Kreis Bergstrasse

„En Elch was born!“ – Der Eisbildhauer Christian Fischer.
26. November 2015 

Väterchen Frost bringt einen Elch mit

Lorscher Weihnachtsmarkt mit einer Extra-Überraschung

LORSCH, November 2015 (meli), Mit einer eisigen Sonder-Überraschung wartet man am Lorscher Weihnachtsmarkt auf. Quasi in letzter Minute hat man noch ein kleines Wunder gewirkt und einen weiteren Höhepunkt gleich an den Beginn des Marktes gesetzt. „Wir wollten unbedingt noch etwas Besonderes und haben es geschafft, einen Eisbildhauer auf den Markt einzuladen“, sind die Organisatorinnen stolz.
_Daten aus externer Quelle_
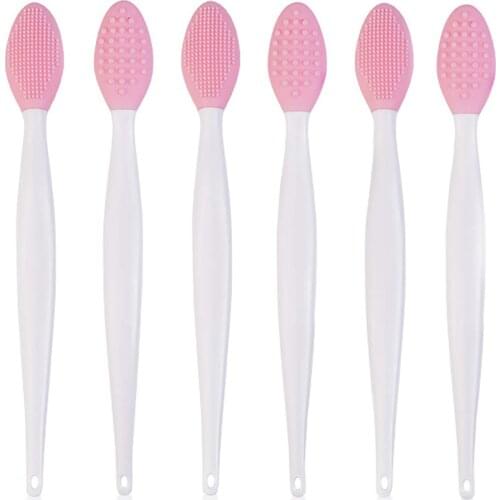Hot 100pcs Pink Lip Scrub Brush Silicone Exfoliating Lip Brush Double-Sided Soft Lip Nose Exfoliator Scrubber Tool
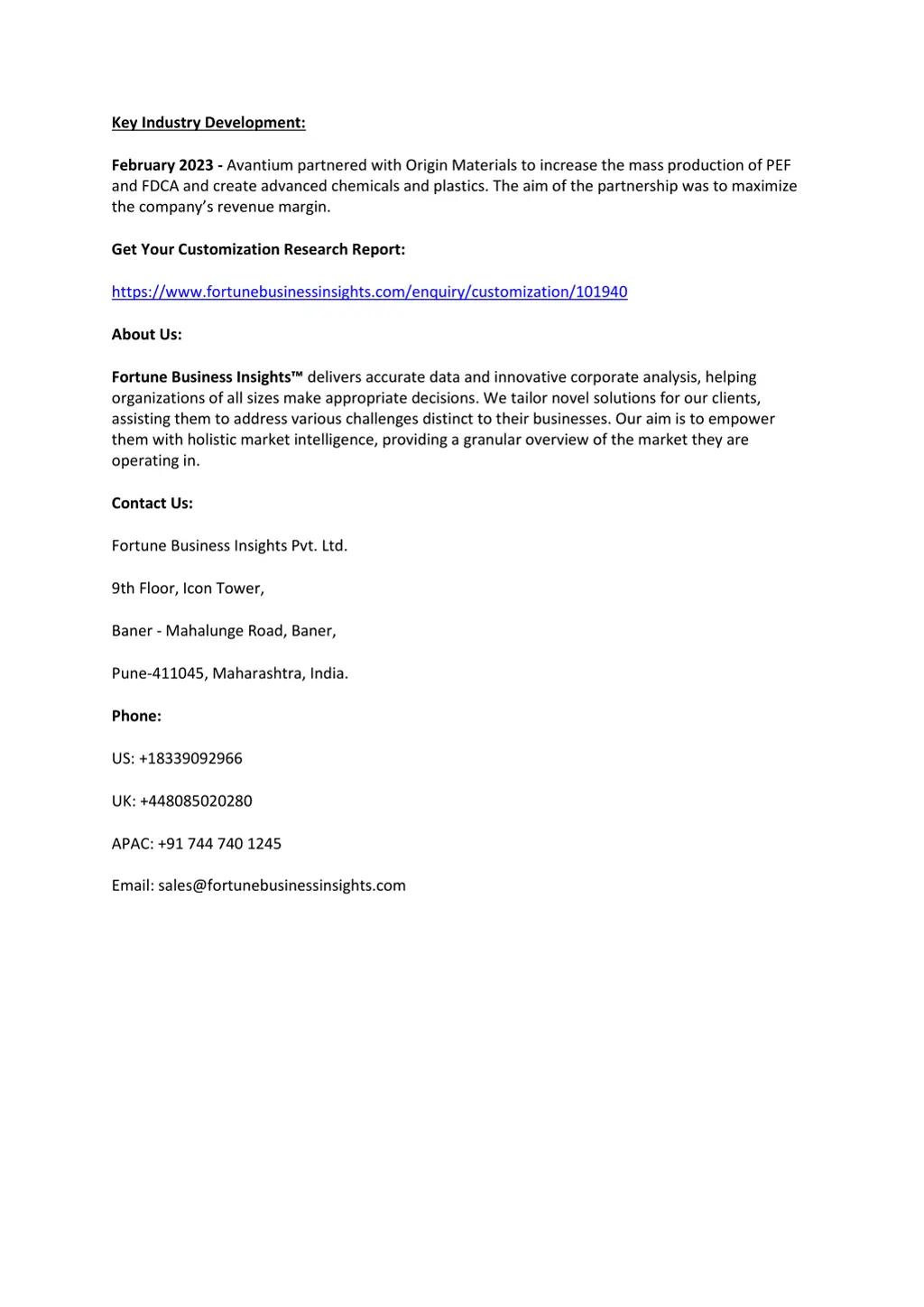 key industry development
Und so wird am Freitagabend (27.11.), wenn es dunkelt, Christian Fischer einen glitzernden Eisblock auf den Platz am Pavillon schleppen und mit seinem Werk beginnen. Am Ende soll ein Weihnachtselch aus Eis den Lorscher Weihnachtsmarkt zieren.

Wenn die anderen dann zum After-Work-Weihnachtsmarkt-Bummel kommen, fängt der gelernte Steinbildhauer mit der Arbeit an. „Was uns für ihn begeistert hat“, heißt es“, ist seine Arbeitsmethode.“ Denn wo andere gerne mal effektvoll mit der Kettensäge dem Eis zu Leibe rücken, arbeitet Christian Fischer mit den traditionellen Werkzeugen eines Bildhauers. „Kettensägen-Kreischen mit Weihnachtsliedern – das konnten wir uns nun gar nicht vorstellen!“ Aber Christian Fischer arbeitet mit Hammer und Meißel, Stechbeitel und Schnitzmesser und sogar mit der Machete.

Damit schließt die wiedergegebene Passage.